• **DIRECTIONS**
Set down only the lines from the one containing "Oak wine barrels" through the final line of the entries below, exactly as they stand, with no pictures.

Pictures with short captions:
+++
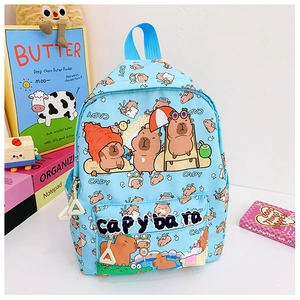 Close-up of light blue kids backpack with Capybara patterns among school stationery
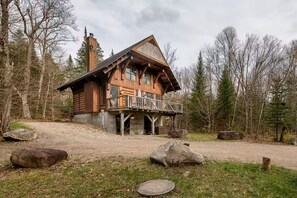 Eine Blockhütte mit Balkon, umgeben von Bäumen und Felsen.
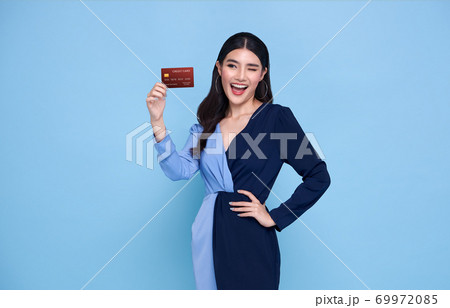 Happy Asian shopaholic women showing credit card 69972085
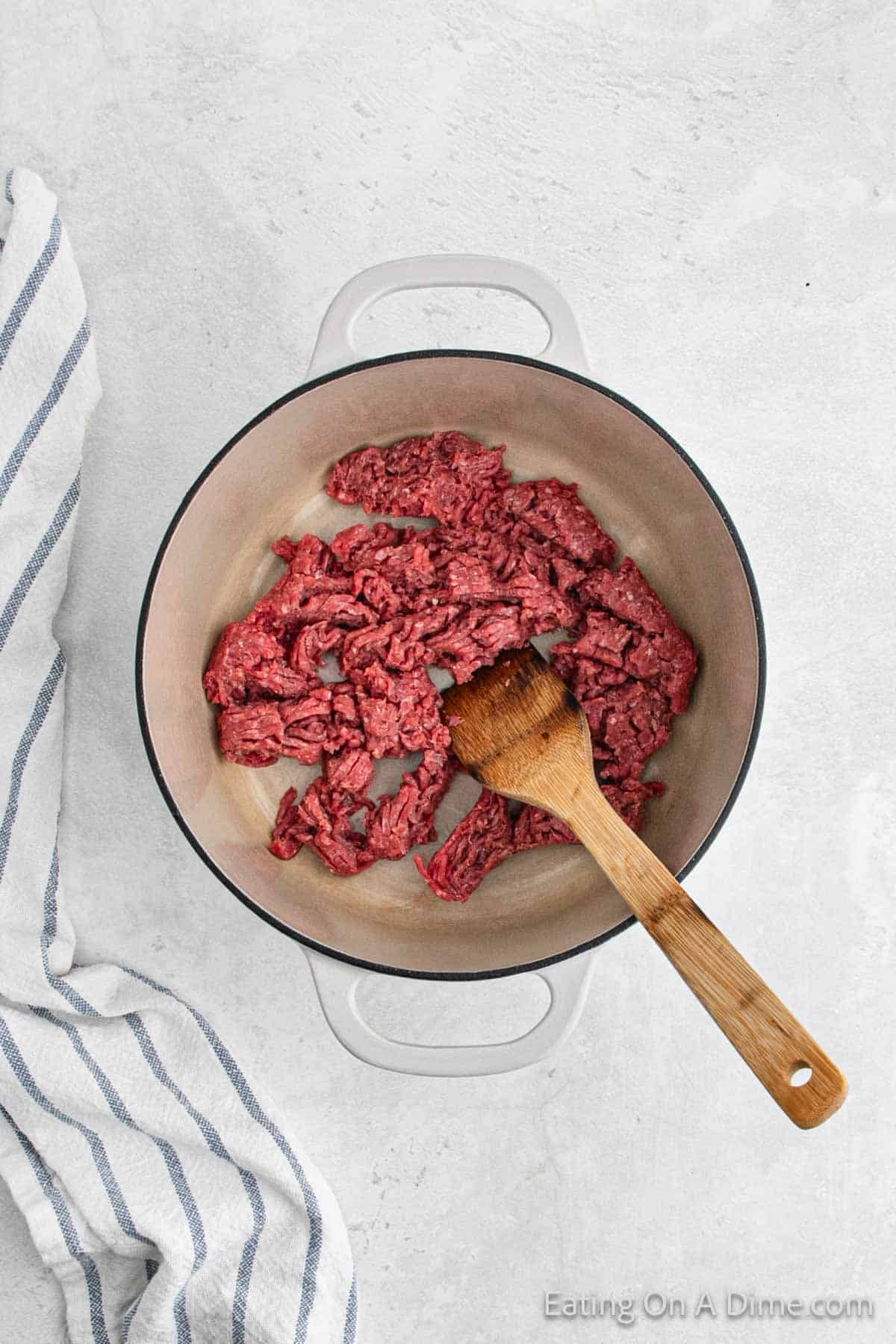 A white pot contains raw ground beef being cooked, with a wooden spatula resting on the beef, ready to be transformed into a delicious taco filling. The pot is placed on a light-colored surface next to a white and blue striped kitchen towel.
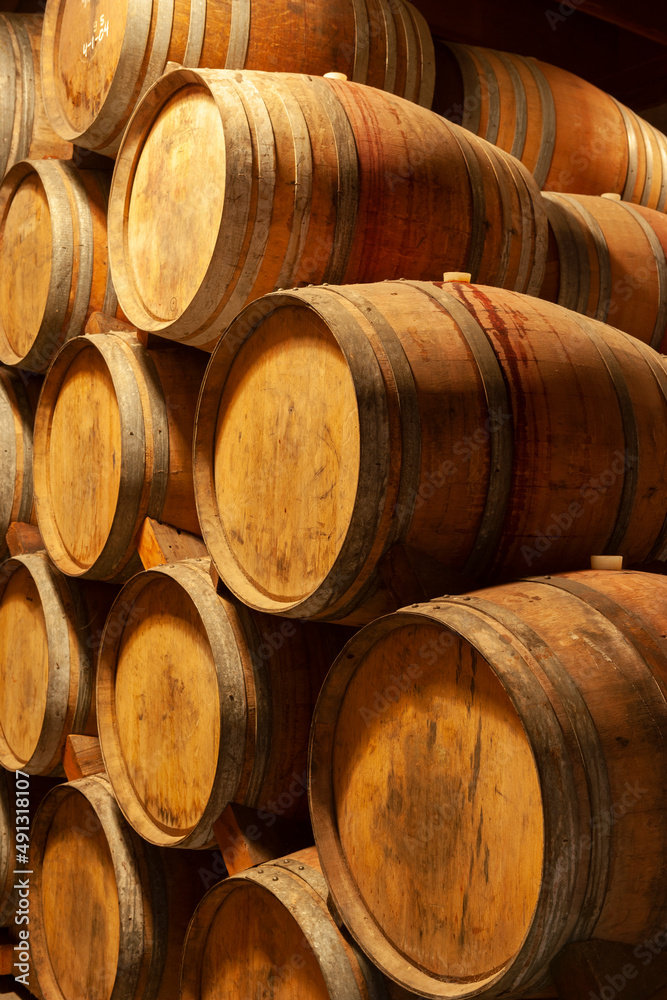Oak wine barrels in a winery, Napa Valley, California, USA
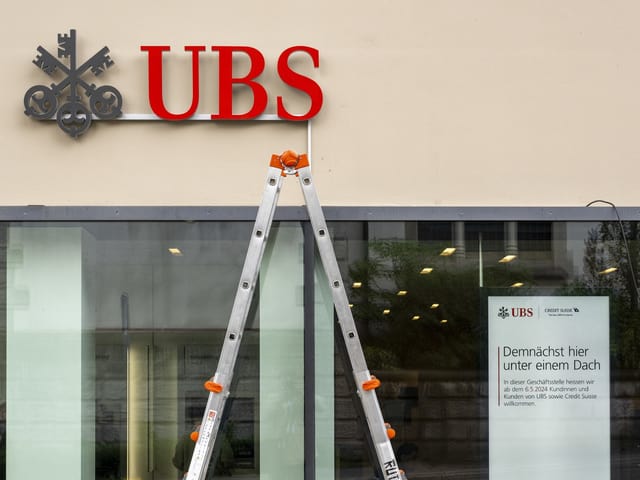 Leiter vor UBS-Logo an Gebäude.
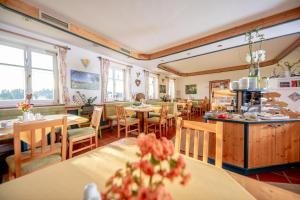 a restaurant with tables and chairs and windows at Birkenhof Loipersdorf in Loipersdorf bei Fürstenfeld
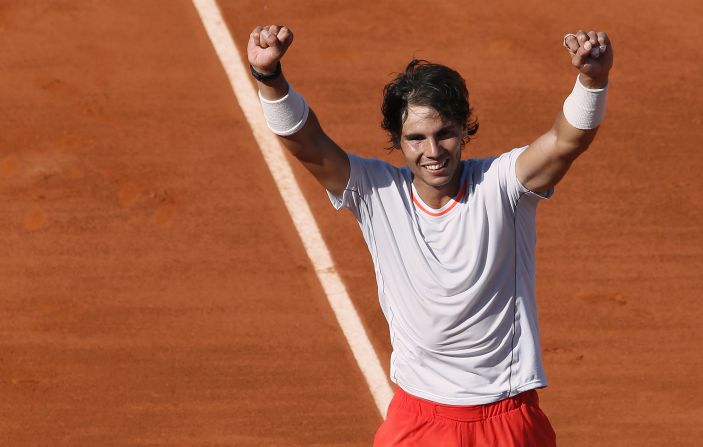 Spain's Rafael Nadal celebrates after defeating Serbia's Novak Djokovic during a French Open semifinal match in Paris on June 7. Nadal won 6-4, 3-6, 6-1, 6-7(3), 9-7.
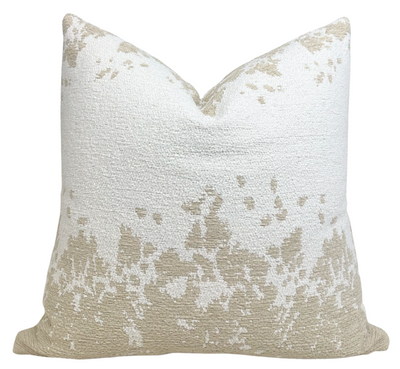 Dappled Stripe Pillow Cover in Oyster displayed on a white textured surface, showing woven dappled stripe pattern and ivory backing.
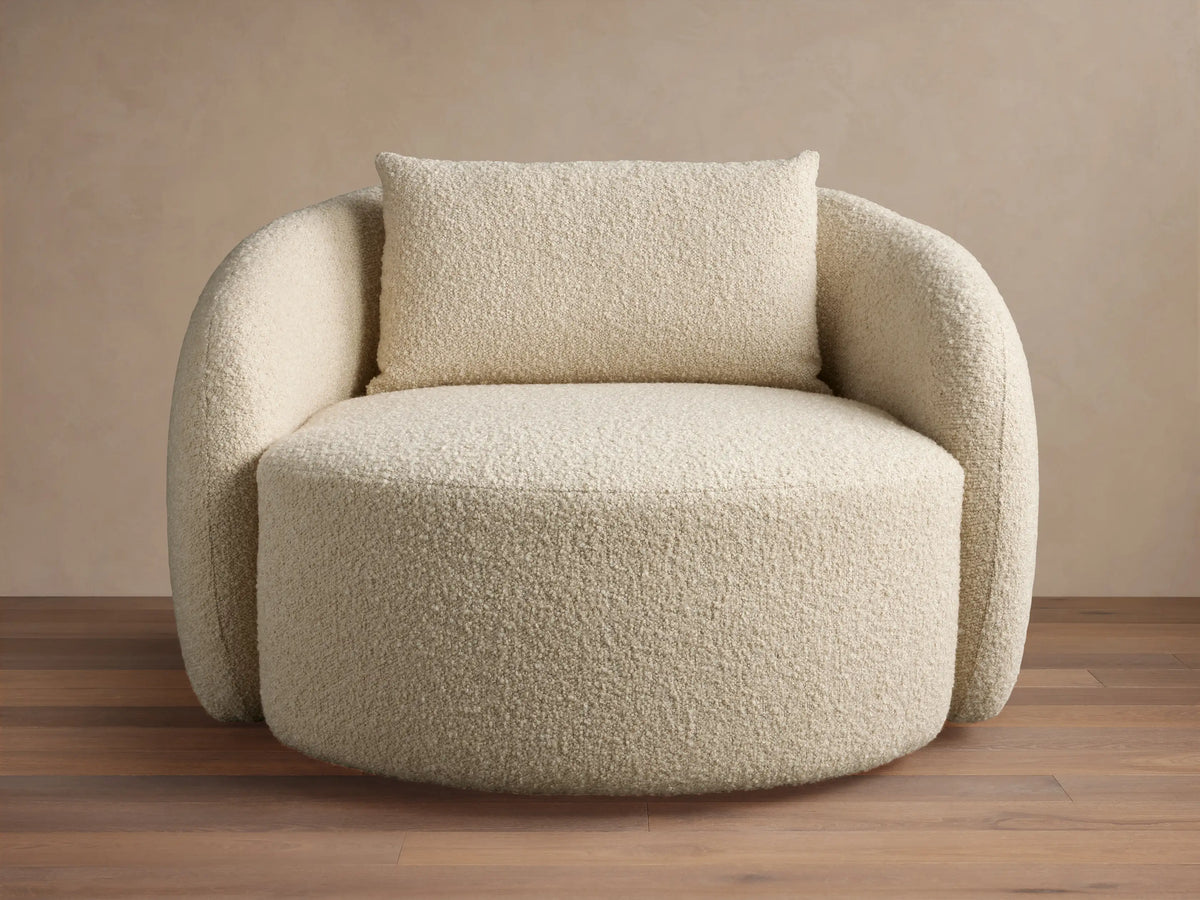 Fresno Oversized Swivel Chair in a creamy beige textured fabric, features a rounded back and plush seat with a matching pillow, set on wood floor.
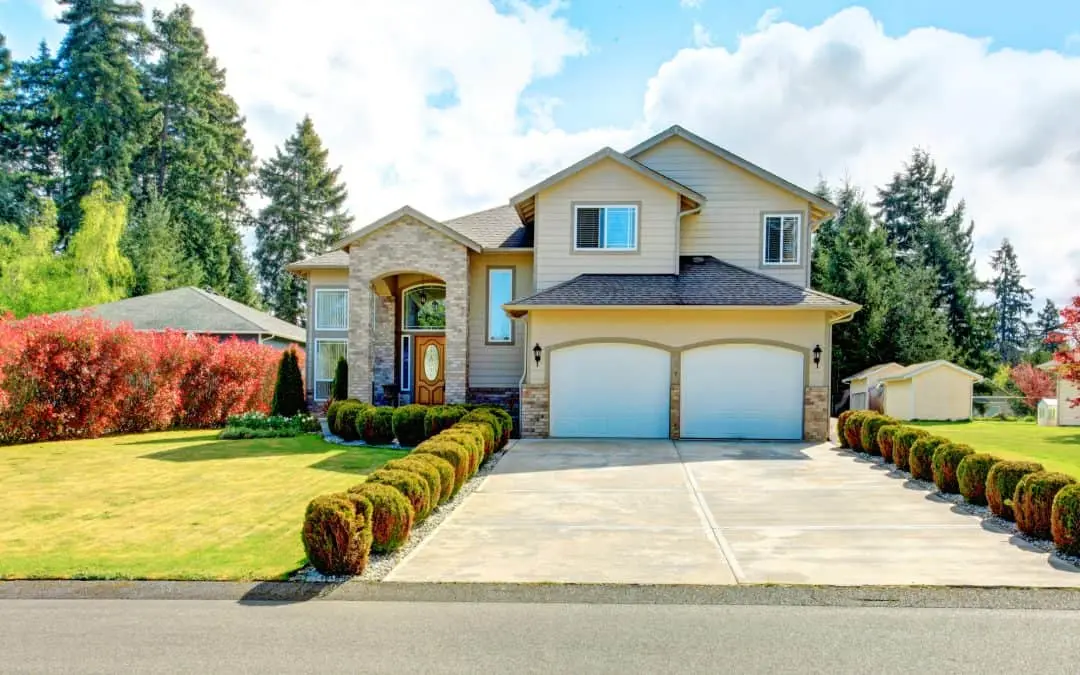 Big siding house with garage and high column porch in Mid Hillside.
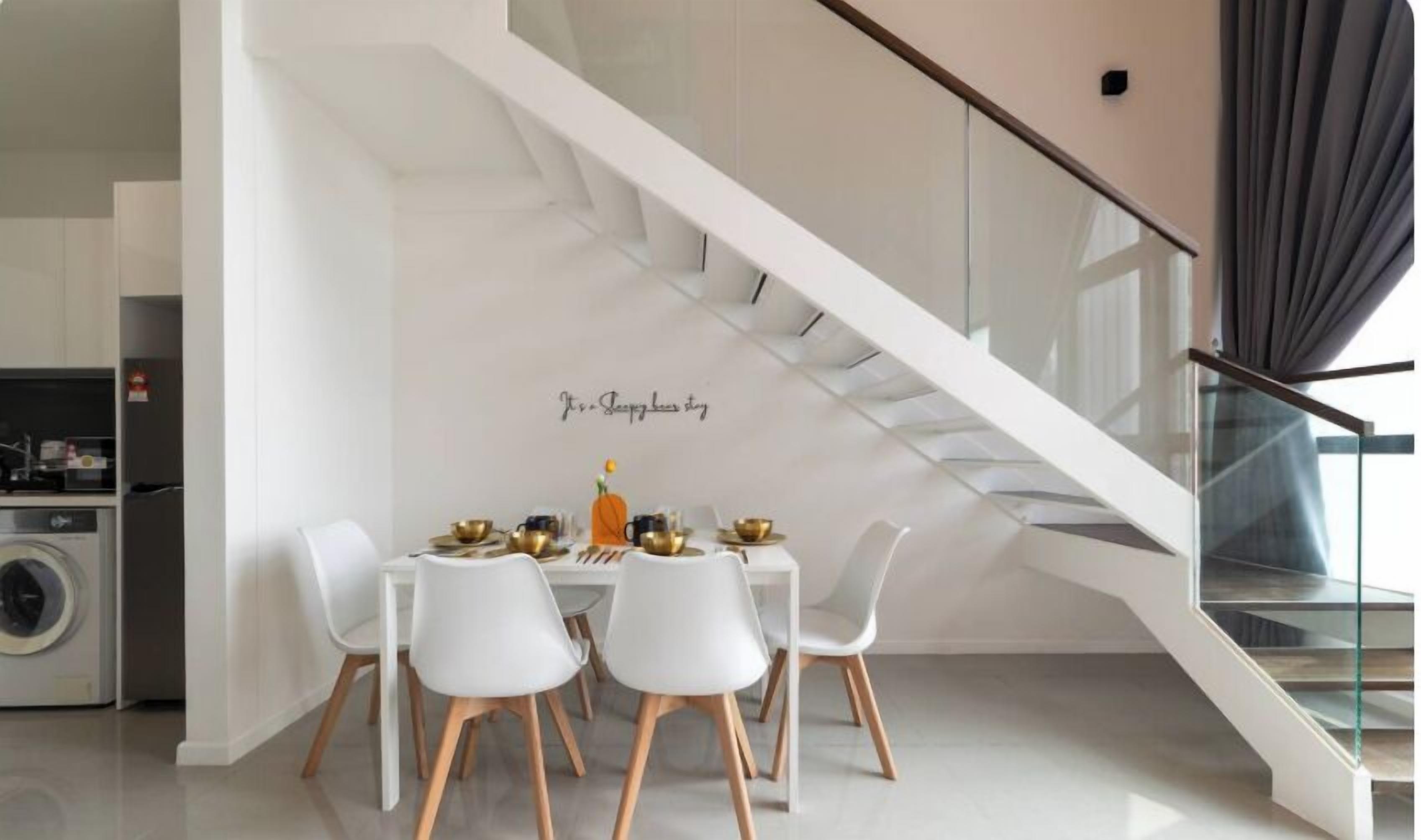 Una cocina moderna con zona de comedor, sillas blancas y una escalera con barandilla de vidrio.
+++
• **THE ANSWER**
Oak wine barrels in a winery, Napa Valley, California, USA
 Leiter vor UBS-Logo an Gebäude.
 a restaurant with tables and chairs and windows at Birkenhof Loipersdorf in Loipersdorf bei Fürstenfeld
 Spain's Rafael Nadal celebrates after defeating Serbia's Novak Djokovic during a French Open semifinal match in Paris on June 7. Nadal won 6-4, 3-6, 6-1, 6-7(3), 9-7.
 Dappled Stripe Pillow Cover in Oyster displayed on a white textured surface, showing woven dappled stripe pattern and ivory backing.
 Fresno Oversized Swivel Chair in a creamy beige textured fabric, features a rounded back and plush seat with a matching pillow, set on wood floor.
 Big siding house with garage and high column porch in Mid Hillside.
 Una cocina moderna con zona de comedor, sillas blancas y una escalera con barandilla de vidrio.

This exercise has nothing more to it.